Low Roar was an Icelandic post-rock/electronica project founded by the late American immigrant Ryan Karazija. Originally a solo act, the band later added Leifur Björnsson and Logi Guðmundsson.

History
After leading the California-based indie rock band Audrye Sessions from 2002 to 2010, Karazija relocated to Reykjavík, Iceland and started the new project Low Roar, releasing a self-titled album in 2011. A second album, 0, was released in 2014 by Tonequake Records, followed by Once in a Long, Long While... in mid-2017. The Low Roar album, ross., was released in November 2019, with their latest album maybe tomorrow... released in July 2021.

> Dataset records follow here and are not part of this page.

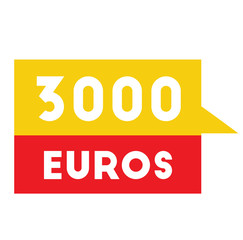 three thousand euros advertising sticker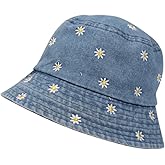 UUYYEO Blue Unisex Adults Teens Daisy Beach Sun Hat, Cotton Blend Bucket Hat, Size M (56-58cm), Avant-Garde Casual, Moderate Sun Protection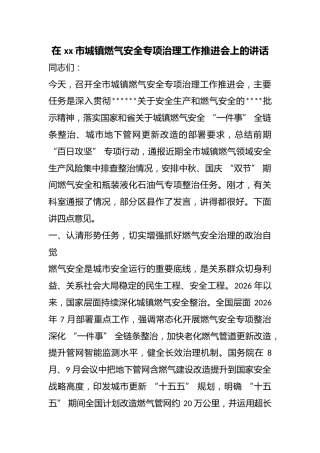 在市城镇燃气安全专项治理工作推进会上的讲话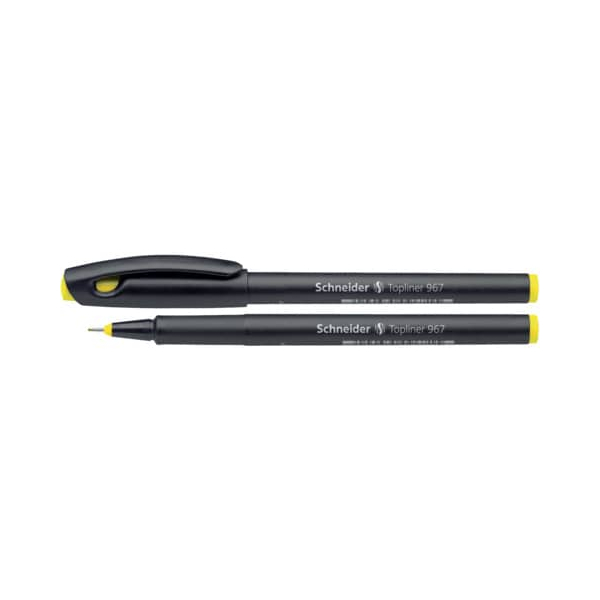 5 Stück Schneider Fineliner Topliner 967, 408269, schwarz (Schreibfarbe: gelb), 0,4mm 4004675039675 Schneider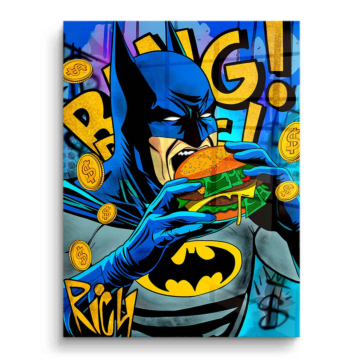 Burger im Pop-Art-Stil inspiriert von Batman - PVC-Bild glänzend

The band's discography features heavily in the 2019 video game Death Stranding, following a collaboration with video game designer Hideo Kojima, after Kojima chanced upon their music while in a CD shop in Reykjavík. Kojima described Low Roar's music as "sensual" and "unique". When Sony first contacted the band to license their music for Death Stranding, the band was struggling, with much of their music being recorded on a laptop in Karazija's kitchen. The use of Low Roar's music in the video game had a significant positive influence on the band's popularity.

In 2021 they recorded the song "Feels" for the mobile game Arknights, later released in full under the title "Fade Away" on their 2021 album "maybe tomorrow...".

Their song "Help Me" plays over the end credits of the 2021 film Flee.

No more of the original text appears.